■ Extracted records:
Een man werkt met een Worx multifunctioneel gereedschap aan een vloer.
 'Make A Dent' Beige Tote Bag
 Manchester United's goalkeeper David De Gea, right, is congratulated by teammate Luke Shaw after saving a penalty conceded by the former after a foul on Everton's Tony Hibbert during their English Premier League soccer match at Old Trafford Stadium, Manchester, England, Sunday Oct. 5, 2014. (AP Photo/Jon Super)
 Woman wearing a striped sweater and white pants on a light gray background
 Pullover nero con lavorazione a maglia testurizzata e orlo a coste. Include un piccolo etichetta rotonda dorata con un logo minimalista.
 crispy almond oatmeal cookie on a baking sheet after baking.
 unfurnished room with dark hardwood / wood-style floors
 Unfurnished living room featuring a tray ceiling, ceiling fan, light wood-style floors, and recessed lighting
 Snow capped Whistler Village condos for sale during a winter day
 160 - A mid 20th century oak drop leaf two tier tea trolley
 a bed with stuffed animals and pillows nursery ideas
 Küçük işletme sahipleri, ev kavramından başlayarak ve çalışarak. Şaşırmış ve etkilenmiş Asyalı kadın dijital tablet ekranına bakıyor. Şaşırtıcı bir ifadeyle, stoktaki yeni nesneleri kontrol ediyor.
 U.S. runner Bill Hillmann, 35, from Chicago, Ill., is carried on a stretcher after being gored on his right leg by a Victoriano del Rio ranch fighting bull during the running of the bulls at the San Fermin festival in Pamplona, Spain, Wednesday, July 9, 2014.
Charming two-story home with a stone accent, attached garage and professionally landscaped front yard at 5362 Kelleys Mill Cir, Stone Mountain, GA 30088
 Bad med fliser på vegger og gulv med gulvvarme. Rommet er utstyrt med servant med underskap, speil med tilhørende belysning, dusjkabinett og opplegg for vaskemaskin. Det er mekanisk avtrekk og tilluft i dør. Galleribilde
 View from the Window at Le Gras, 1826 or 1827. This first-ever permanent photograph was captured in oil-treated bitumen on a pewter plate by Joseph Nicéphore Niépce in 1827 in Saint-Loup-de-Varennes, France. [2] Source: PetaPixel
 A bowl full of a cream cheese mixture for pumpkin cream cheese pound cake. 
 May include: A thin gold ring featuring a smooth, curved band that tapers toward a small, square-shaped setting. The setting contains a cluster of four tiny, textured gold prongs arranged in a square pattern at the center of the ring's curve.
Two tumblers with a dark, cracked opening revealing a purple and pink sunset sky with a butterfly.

■ ACTION ITEM: Across all the entries, count the lines that contain the string "right", and give that number without anything else.

■ RESULT BELOW: 2